Practice Set 3 (Answers)

Released: March 30, 2015

Question 1. (20 min) Write a function which reads a text file and finds the ten most occurring words in the file.

Solution 1.

The approach is relatively straightforward: read in the file one line at a time. For each line, process each word by either adding an entry into the dictionary or incrementing the count.

Once you have finished processing the file, we have two options:

  1. The solution I use below is to sort the list and splice out the entries that we want.

  2. An alternative would be to use a heap (Python has a built-in Queue library, which contains a PriorityQueue class). There is a bit of a performance overhead in this particular application (since Queue is synchronized and can handle concurrent operations), but in terms of asymptotic performance, it is the same.
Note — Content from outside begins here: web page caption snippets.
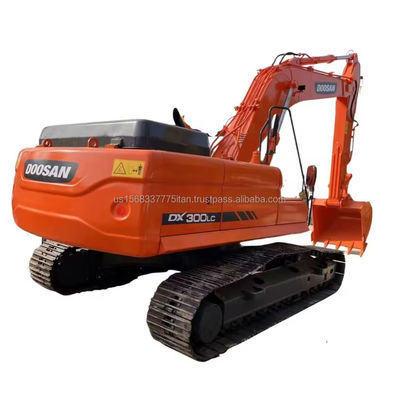 Εκσκαφέας DOOSAN DX300 με χαμηλό ωράριο εργασίας 0-2000 και αρχική υδραυλική αντλία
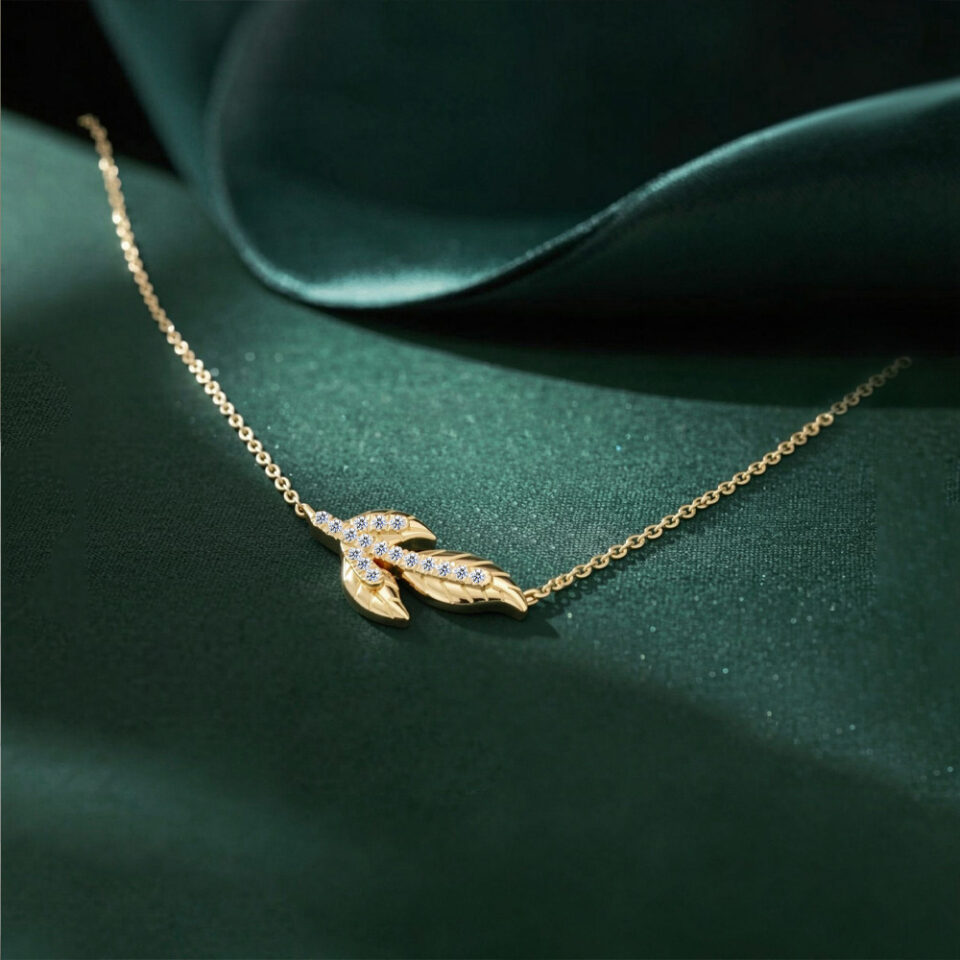 Nature inspired pavé lab diamond leaf necklace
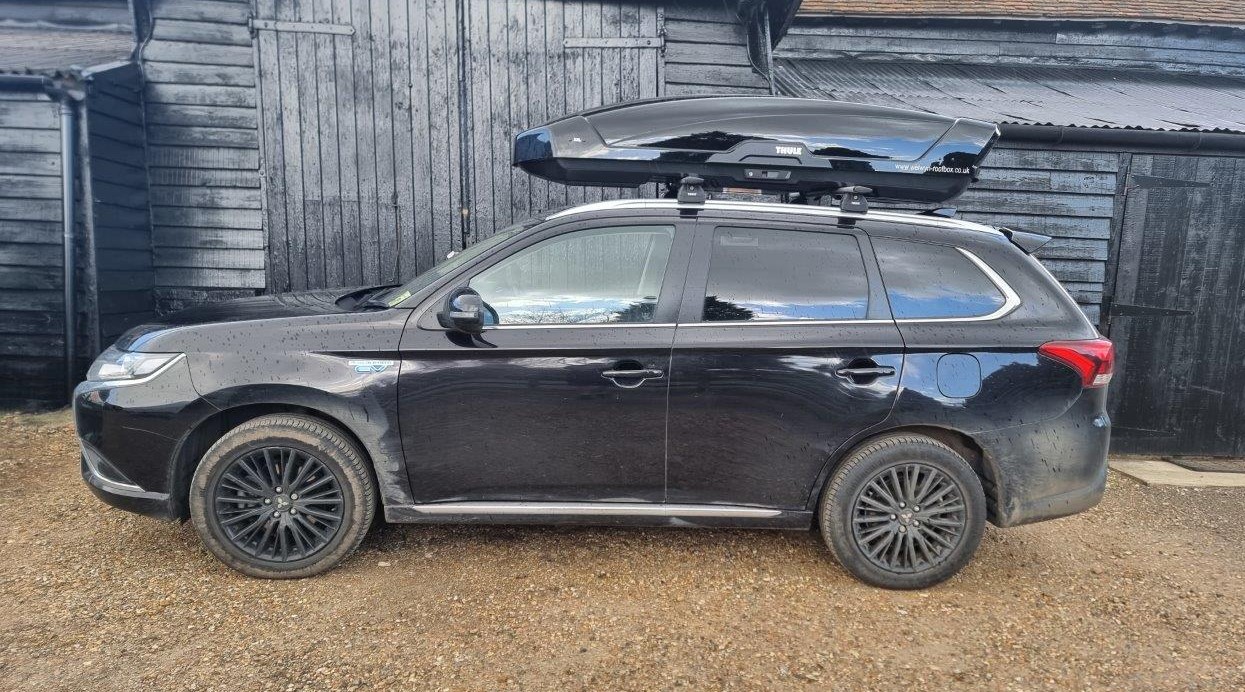 Mistubishi Outlander with Thule XT XXL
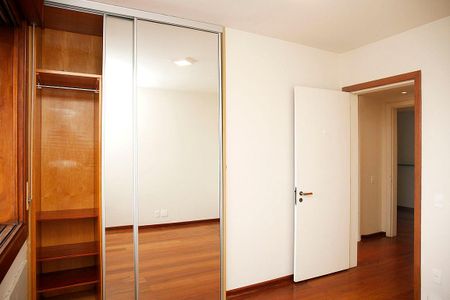Apartamento para alugar com 300m², 4 quartos e 3 vagasQuarto 2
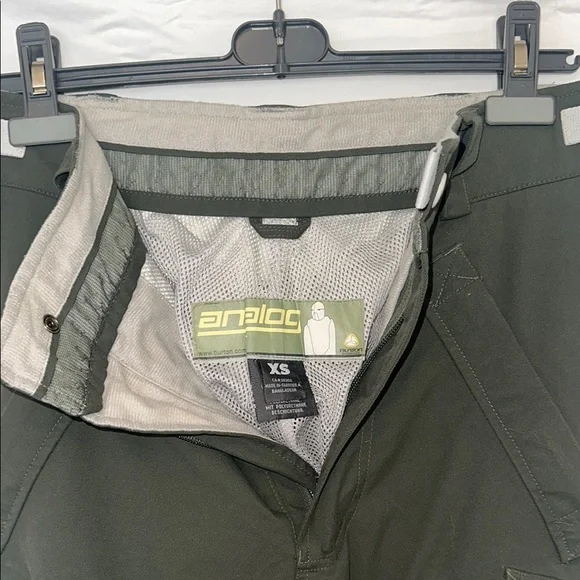 Men’s Olive Green Insulated Snowboarding Cargo Pants/Shorts. Analog. Size XS.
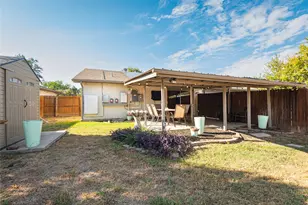 2211 Yewpon Dr, Carrollton, TX 75007 - Photo 23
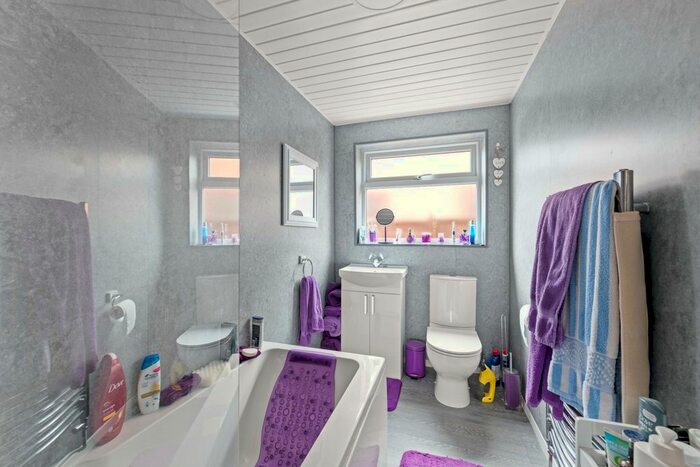 2 Bedroom Detached Bungalow For Sale In Oak Close, Ingoldmells, PE25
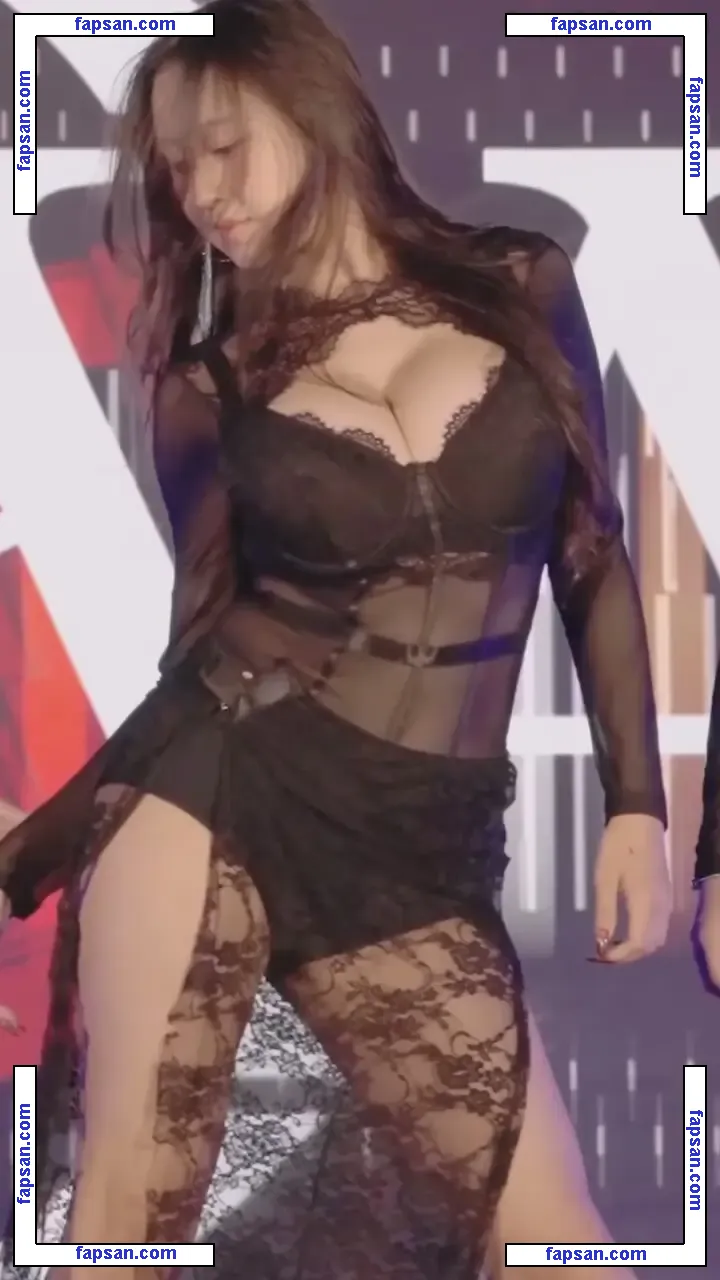 yiluo2617_ nude photo #0005 from OnlyFans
Using the first of the two proposals above, here is some Python code:

            
def find_frequent_words(filename, n):
    """
    find_frequent_words() finds the n most frequent words present in the file.
    @param filename is the name of the file to be opened; assumed to be valid
    @param n is an integer corresponding to the number of words to return; assumed to be non-negative
    @return a list of length n containing the words
    """
    word_counts = process_file(filename)    # Returns a map of words to keys.
    sorted_words = sorted(word_counts.items(), key=lambda entry: -entry[1])

    if len(sorted_words) < n:
        return sorted_words
    else:
        return sorted_words[:n]

def process_file(filename):
    """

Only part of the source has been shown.